Things are a bit different if you're just buying a personal
workstation. In that case, I'd buy a Mac. :)
All that said, if you are building a compute cluster, if you use a
fairly late model Linux, NetBSD, FreeBSD, etc., you can make it work
well. I'm a NetBSD bigot myself, but that is not for reasons that
would impact computational clusters substantially. You can do fine
with any of them if you're doing what is largely number crunching. The
one to pick is the one that you or your admin staff feel most
comfortable about managing -- and most importantly, automating the
management so you don't ever have to log on to 10 or 50 or even 5
boxes to fix something.
A strong recommendation though that I'll bring up here because it is
vaguely OS related -- do NOT use more threads than processors in your
app if you know what is good for you. Thread context switching is NOT
instant, and you do not want to burn up good computation cycles on
useless thread switching. If you have one processor machines in your
cluster, stick to one computing process/thread on it. If you have dual
processor boxes, one process with two threads or two processes with
one thread make fine sense, but 40 would not be a good use of your
cycles. If you need to talk to 60 TCP sockets to share data between
boxes, use event driven code, not 60 threads, if you want performance.
A final recommendation about buying stuff.
If you are buying one workstation for yourself, buy a Mac.
If you are buying just a couple of compute servers to run an open
source Unix, buy Dell -- for whatever reason, their prices are now
totally insanely below what I can manage anywhere else in low
quantities -- but be careful about which of the "small business" and
"academic" discounts are lower at the moment. Often the academic price
is insanely high for no obvious reason.
If you are buying 50 and especially 500 machines, either spec and buy
parts and assemble the things, or spec the parts and work with a
reputable white box manufacturer to get them built for you. For large
clusters, you want to get *exactly* what you want. You especially
don't want to find out months down the line that half the machines are
subtly different from the other half. Also, for large clusters, the
maint. contracts you can get with things like Dells are useless
expenses -- just buy spare machines and spare parts, they're cheaper
-- and keep in mind that these days, the biggest single limiting
factor you'll get in the average machine room for a large cluster is
getting enough power in and enough heat out.
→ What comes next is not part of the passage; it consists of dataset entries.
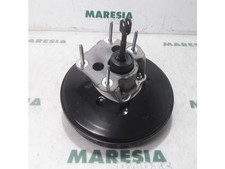 Bremskraftverstärker Renault Scenic III JZ 472100005R P10781529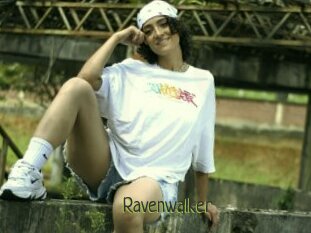 Ravenwalker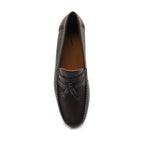 Tassel Mocc Shoes (Product Id: Tassel Mocc)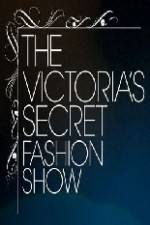 Watch The Victoria's Secret Fashion Show 1999 Vumoo
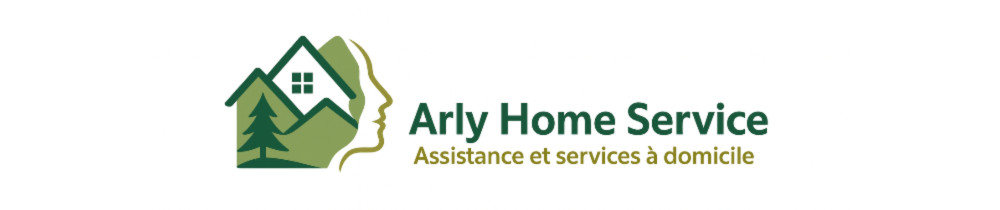 Moritz B. (ARLY HOME SERVICE)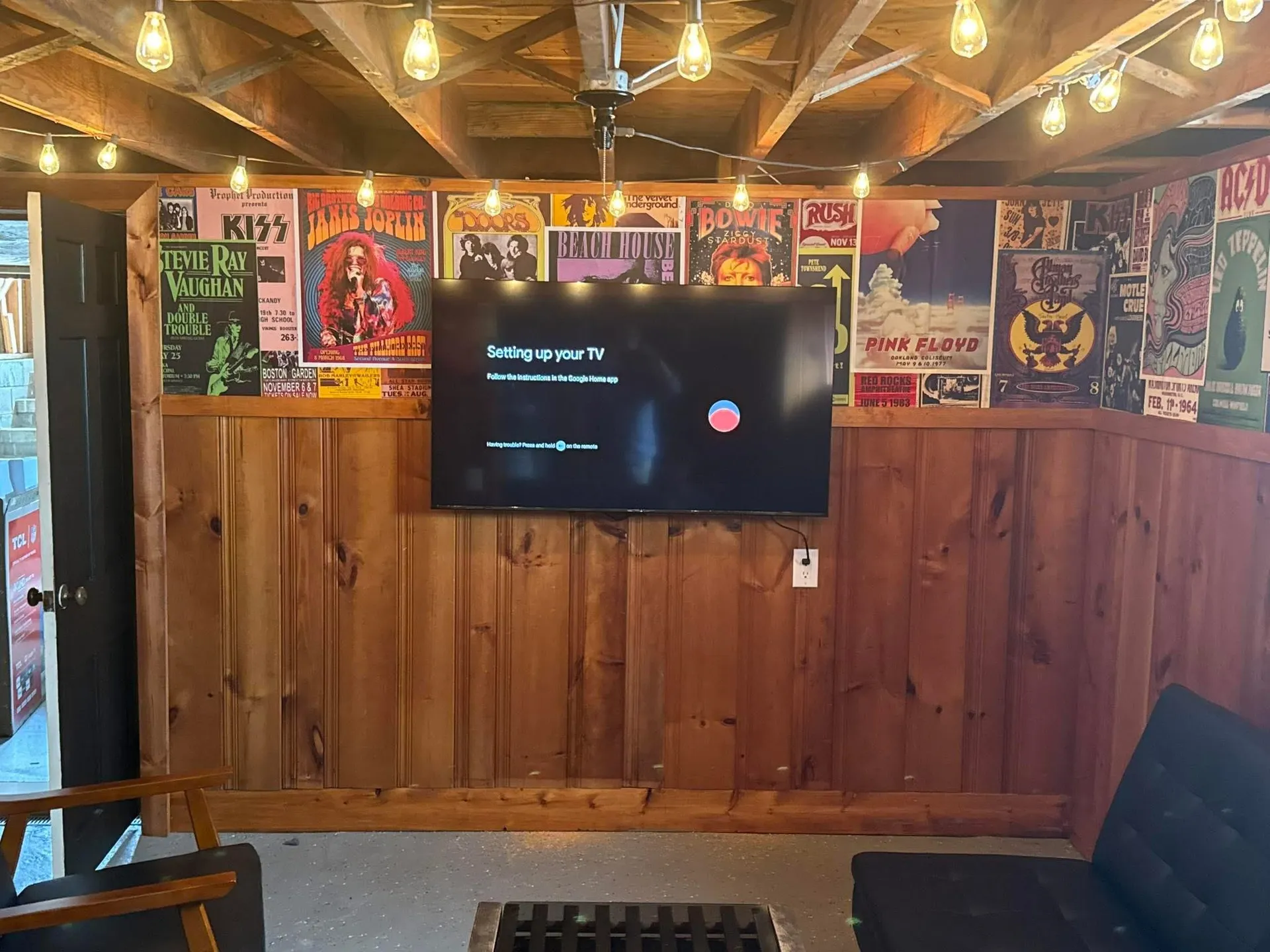 540 Hudson Street Seabrook NH 03874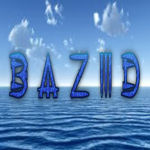 B A Z 3 D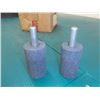 Image 1 : Inside Grinding Wheels, 1.75" Diameter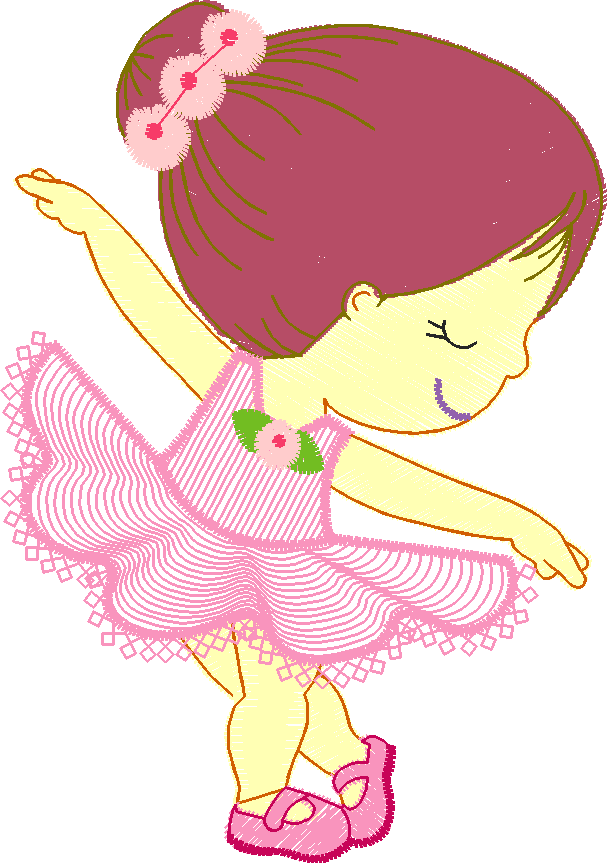 BAILARINA (68)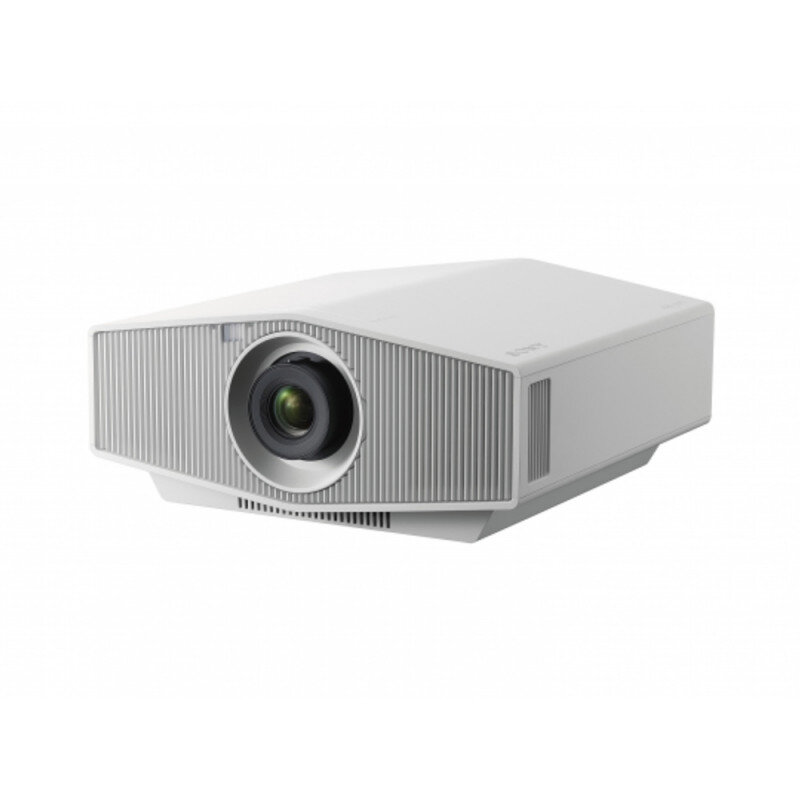 Sony VPL-XW5000/W VPL-XW5000/W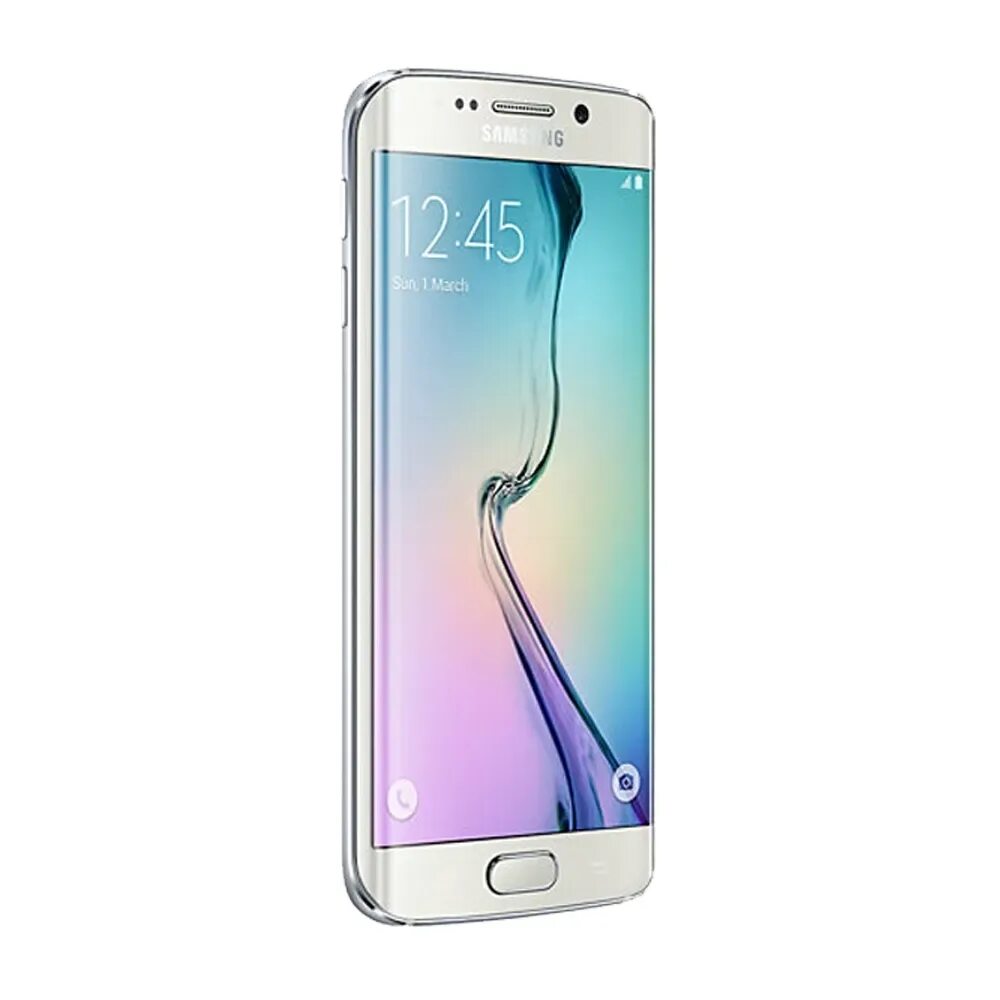 Samsung galaxy 6s. Samsung g925f galaxy s6 edge 32gb. Samsung galaxy s6 sm-g920f 32gb. Samsung galaxy 6s. Samsung galaxy 6s.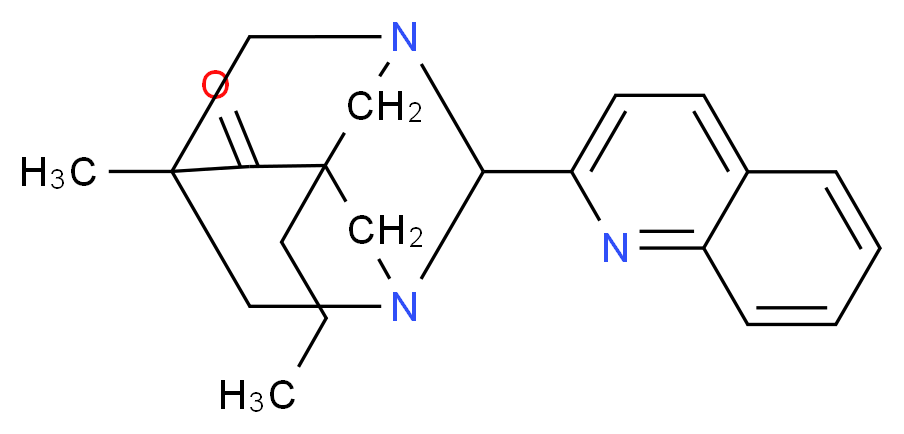 164283003 molecular structure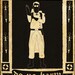 Team Fortress 2 - Medic postcard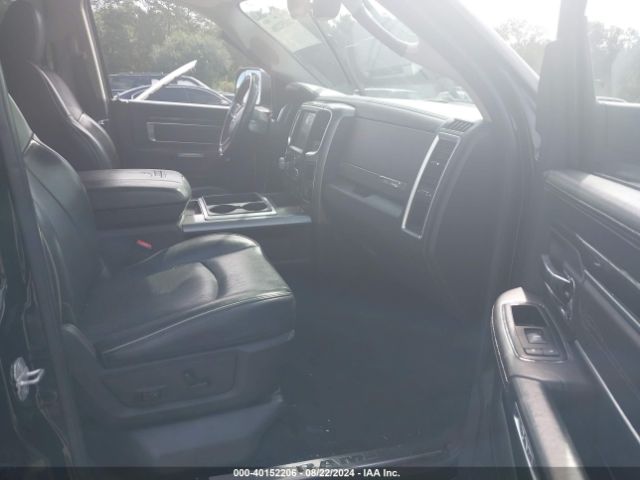 1C6RR7WT9ES134290 RAM 1500 Longhorn Limited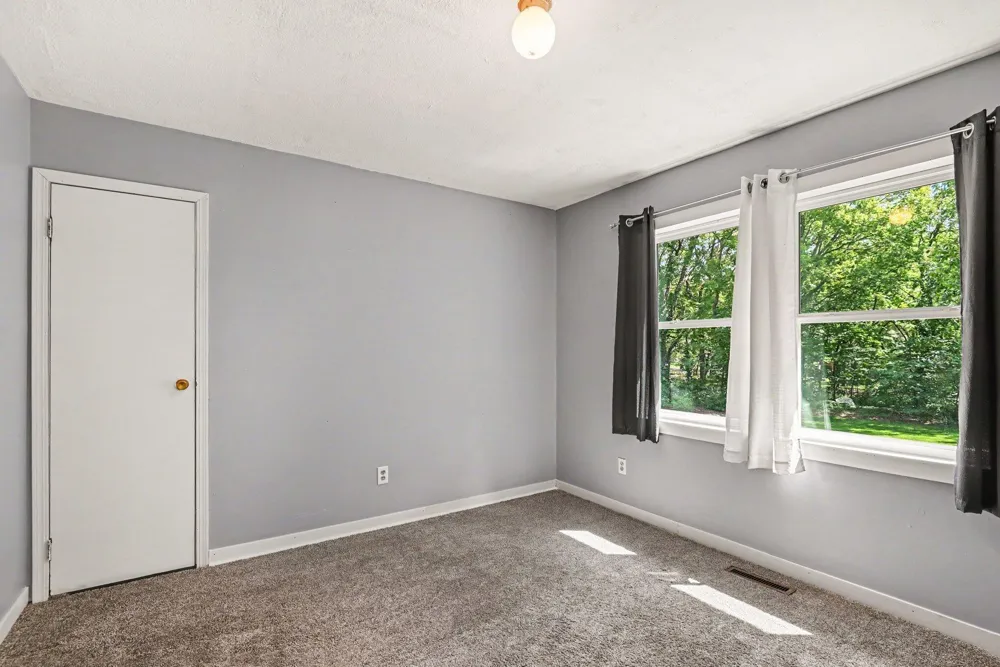 4042 Allegan Dam Road Valley Township, MI 49010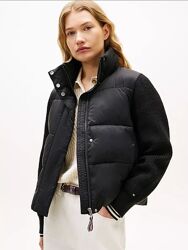 Оригінал Куртка Tommy Hilfiger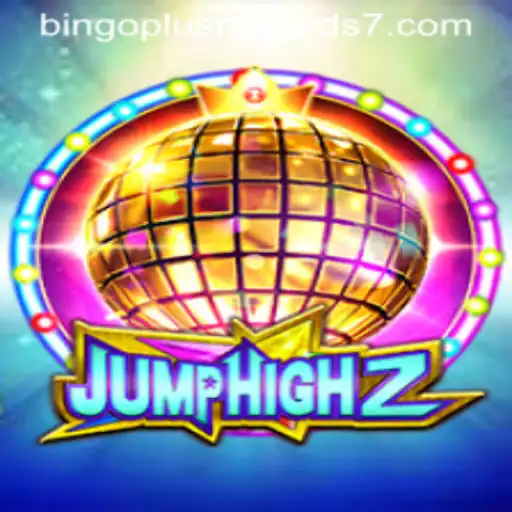 Exploring JumpHigh2: A Thrilling Adventure with Bingo Plus Rewards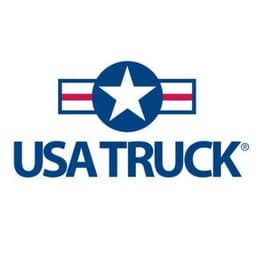 USA Truck Inc.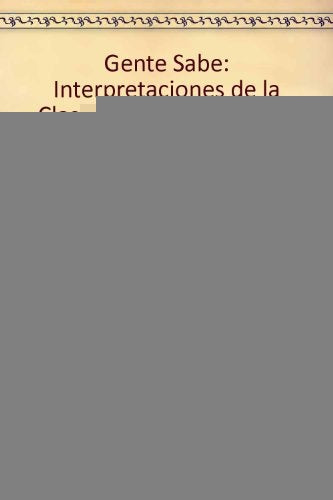 Curso de historia e instituciones del derecho romano | Nelly Dora Louzán de Solimano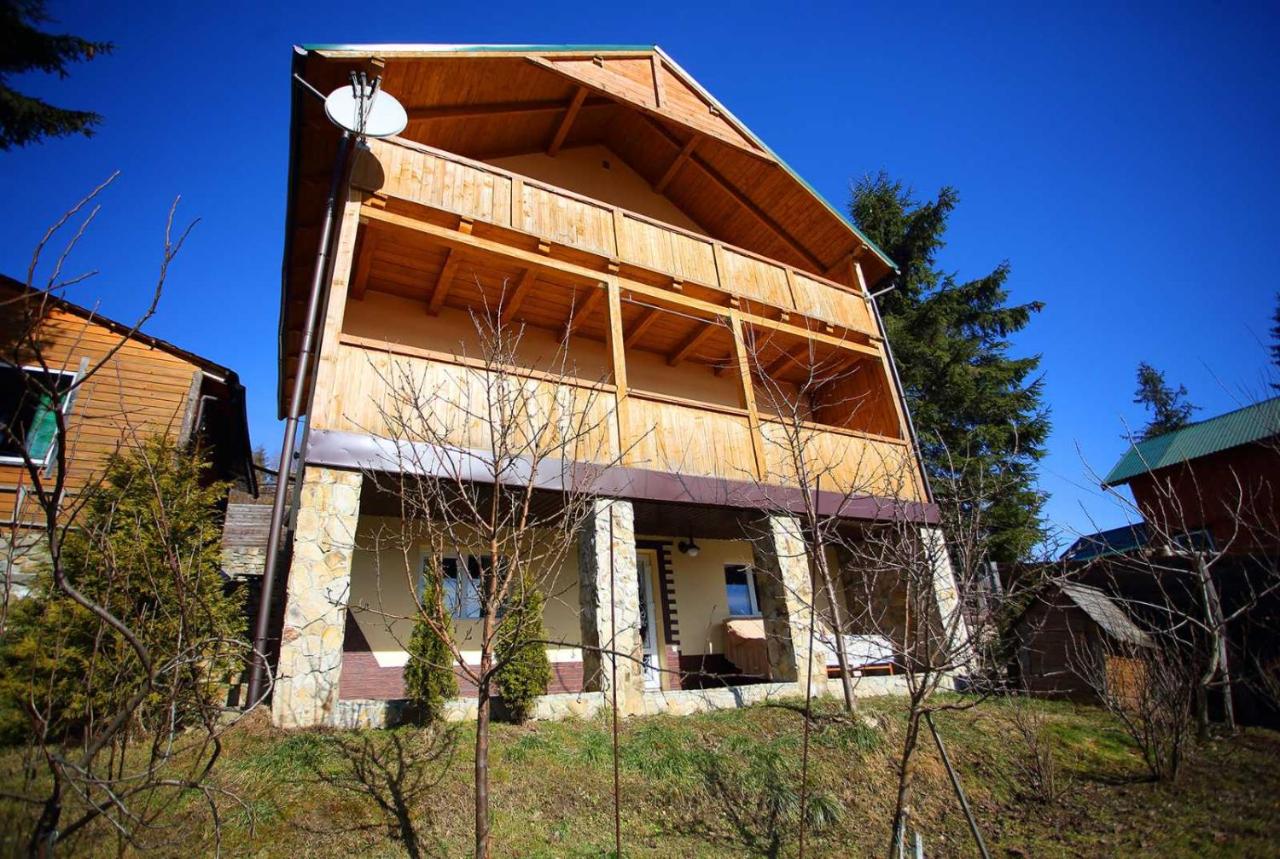 Deluxe Doppelzimmer mit Balkon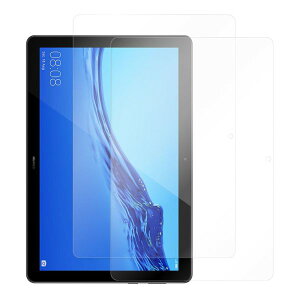 LOOF HUAWEI MediaPad MatePad �y�[�p�[���C�N �t�B���� �㎿�� �� �C���X�g �ی�t�B���� �`���₷�� MatePad11 T10 T10s New Pro T8 M5 Lite 8 T5 T3 10 T3 7 ���f�B�A�p�b�h ���C�g�p�b�h �^�u���b�g �y�[�p�[���C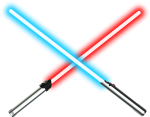 3-32797_green-lightsaber-png-1
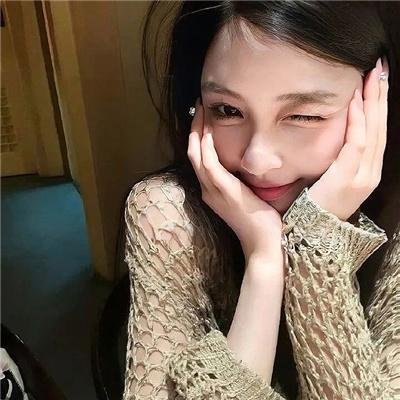 微微一笑很倾城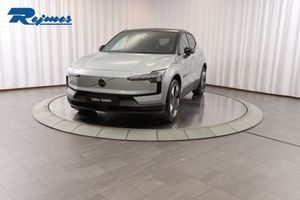 Volvo EX30 bild 1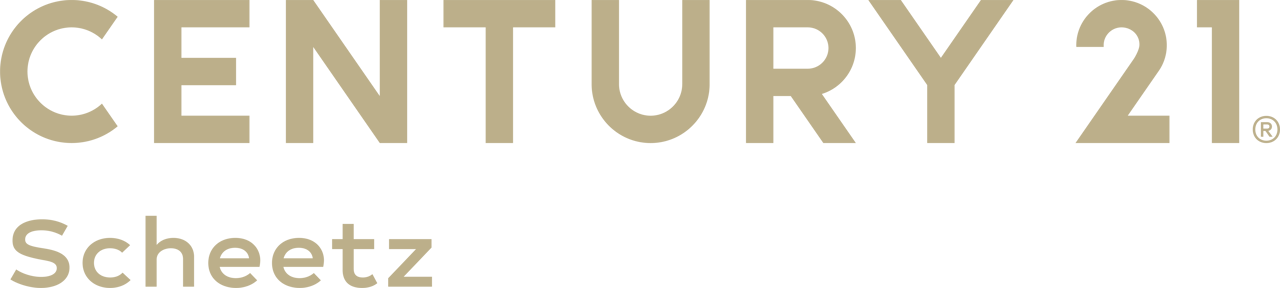 Footer Image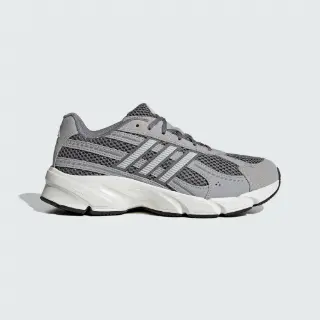 TECHNOCHAOS 2000 SCHOENEN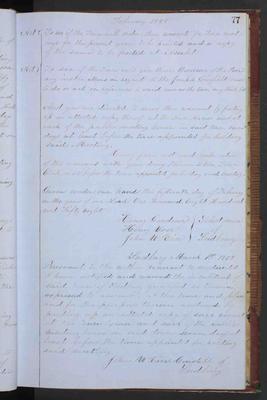image TS_1854_1865_V10_0083.jpeg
For truly huge clusters, you can start doing truly odd things to get
better price/performance. Google does a couple of rather radical
things -- for example they don't put their machines in real cases (it
would cost more money and would lower the rate at which their racks
can extract heat from the systems, not to mention that it slows down
getting at the machines). You don't have to go that far, but even in
smaller clusters thinking about mechanics can help. Nylon thumb screws
instead of metal screws make getting stuff in and out faster. Velcro
wraps instead of nylon tie wraps can make it far easier to pull things
in and out. Properly planning your cabling (and labeling it!) so you
can be sure that the connectors on the ethernet switch systematically
correspond to the machines in the rack yields surprising benefits. Oh,
and always remember, automate everything in the systems administration
you can possibly automate.